Mireille Knoll (Photo: Facebook)

Two men accused of killing 85-year-old Holocaust survivor Mireille Knoll have gone on trial in what French prosecutors say was an antisemitic attack.

The suspects, 31-year-old Yacine Mihoub and Alex Carrimbacus, 25, reportedly met in prison while serving earlier sentences for robbery, violence and sexual assault.

Knoll’s body was discovered in March 2018 with multiple stab wounds. Her flat had been set on fire.

The killing prompted tribute marches around France to honour her memory and President Emmanuel Macron attended her funeral.

Knoll fled Paris in 1942 at the age of nine as the authorities began to round up local Jews and herd them into the Vel d’Hiv stadium.

Around 13,000 people were sent from the stadium to the Auschwitz death camp. Fewer than 100 survived.

Knoll was helped by a family member with Brazilian citizenship who arranged an escape through southern European and Canada.

Her son Daniel told the Associated Press that she returned to France after the war and remained in her modest apartment even as her grandchildren relocated to Israel.

He said one of suspects in the trial lived in the same apartment complex as his mother and had been frequently hosted by her.

Both Mihoub and Carrimbacus are understood to blame the other for Knoll’s death.
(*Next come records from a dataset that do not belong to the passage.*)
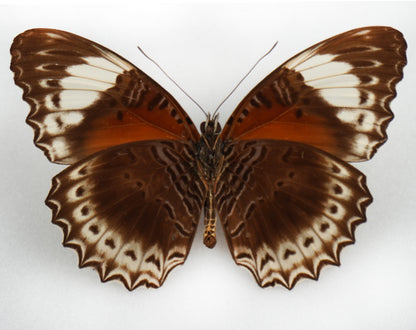 Cethosia cydippe cyrene ♀ (Waigeo)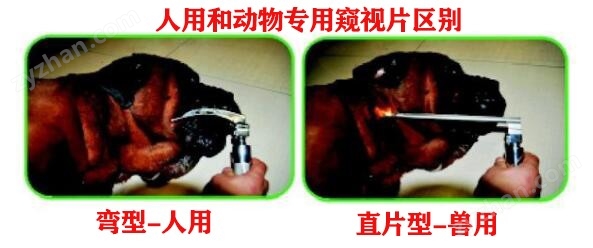 深圳益玛|动物物医疗|益玛宠物|宠物医疗耗材|宠物医生|宠物医院 深圳益玛|动物物医疗|益玛宠物|宠物医疗耗材|宠物医生|宠物医院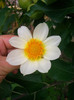 CIMG6059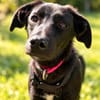 Luna- sensible Junghündin sucht ihr Für-immer-Zuhause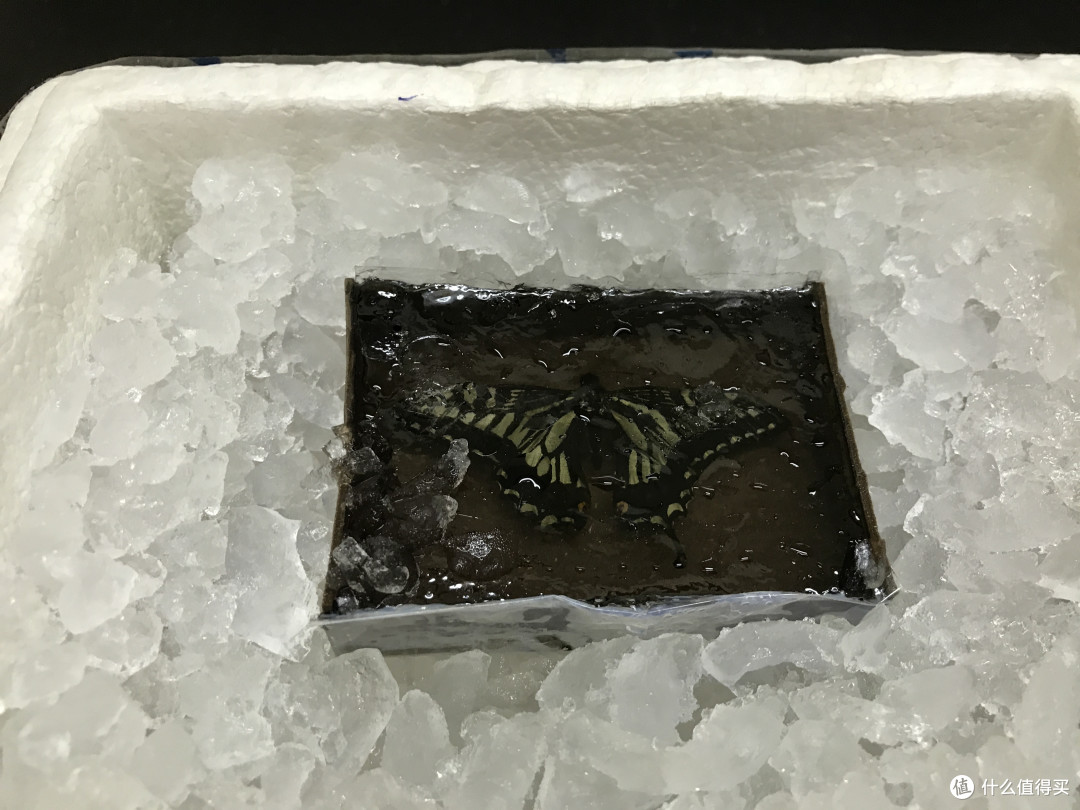 定格每一个美好瞬间——柑橘凤蝶标本制作指南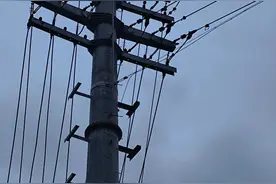 最早发现“电”的人是谁？你百分百要说错！图片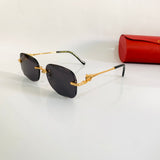 Cartier CT0687S prc fm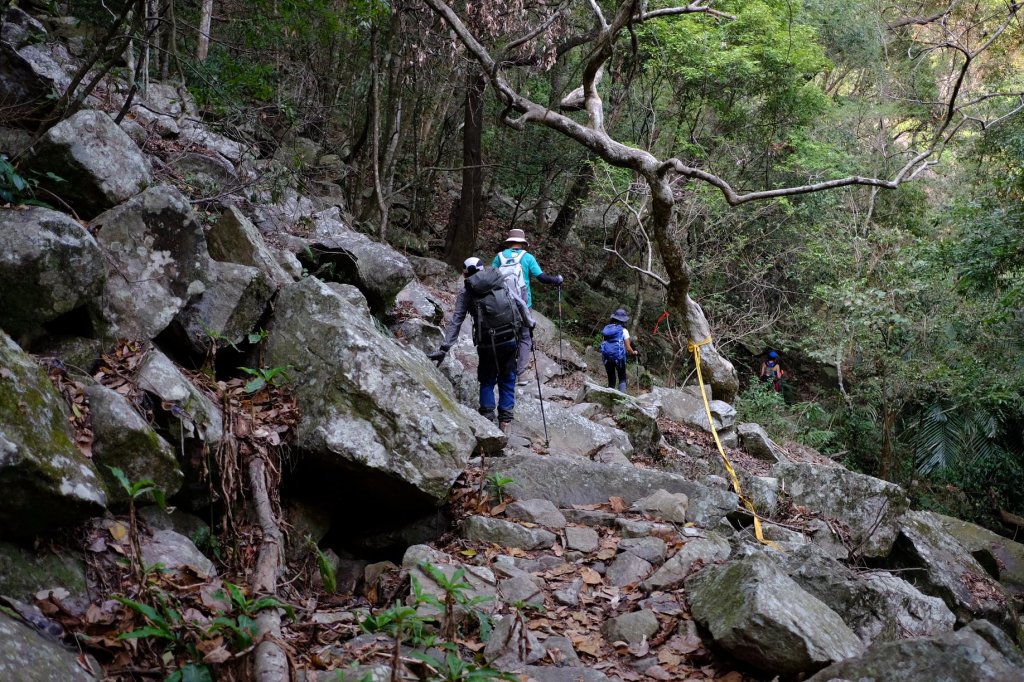 谷關七雄 | 東卯東南稜下松鶴_1320694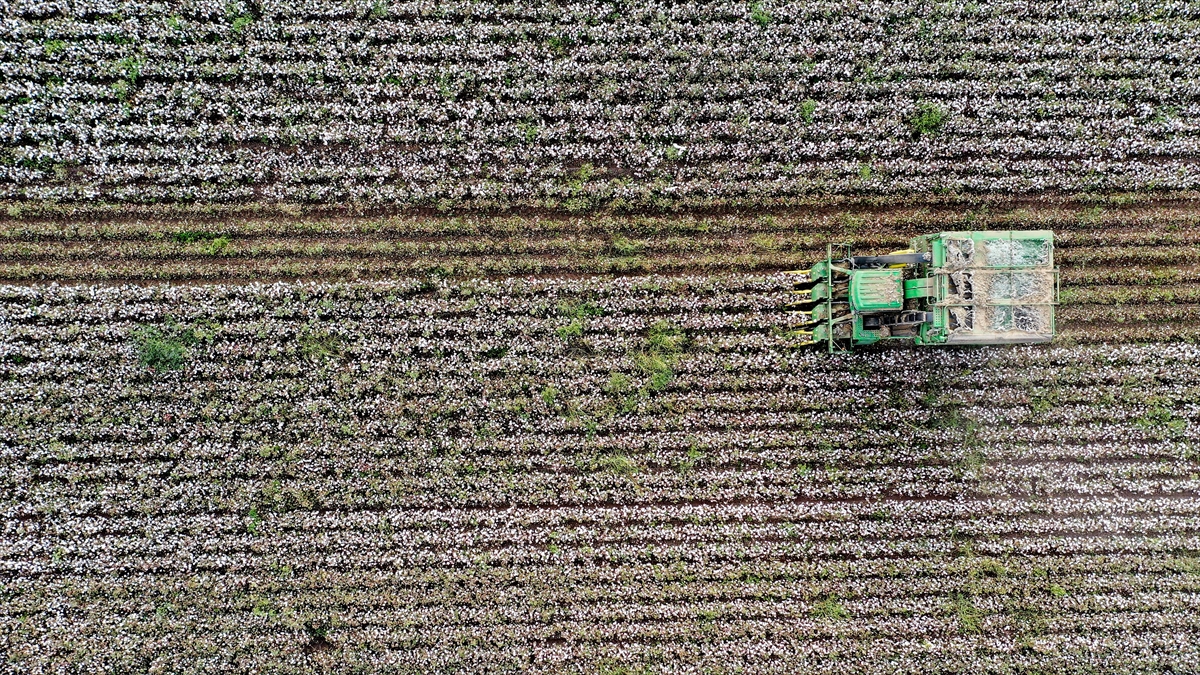 Tarım Grubundan İhracatta İlk Yarı Rekoru
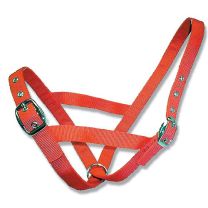 Cattle Halter Webbing Cow, Optional Colours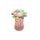 Melii Hrneček s brčkem a počítadlem 340 ml - růžový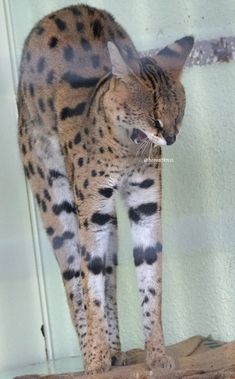 a cat standing on top of a wooden table next to a white wall and window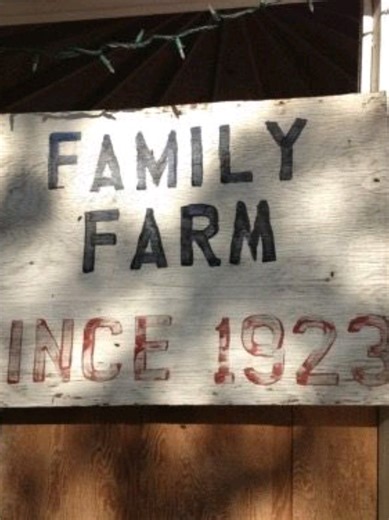 𝑀𝒾𝓀𝑒 𝐻𝒶𝓃𝓁𝑜𝓃 𝒽𝒶𝓈 𝓅𝑜𝓈𝓉𝑒𝒹 . . . 𓂀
Gilles-William Goldnadel, a lawyer for Knoll’s son, said: “It will take a miracle for the truth to come out of their mouths.”

But he told The Guardian that the evidence against the pair was overwhelming, describing the killing as “heinous antisemitism”

The trial, which is expected to run until the middle of November, follows widespread outrage at a court verdict concerning the murder of another Jewish woman, Sarah Halimi.

Halimi’s killer was deemed not criminal responsible because he had succumbed to a “delirious fit” after smoking cannabis.

It prompted Macron and Eric Dupond-Moretti, France’s justice minister, to promise new legislation that would close the so-called “cannabis loophole”.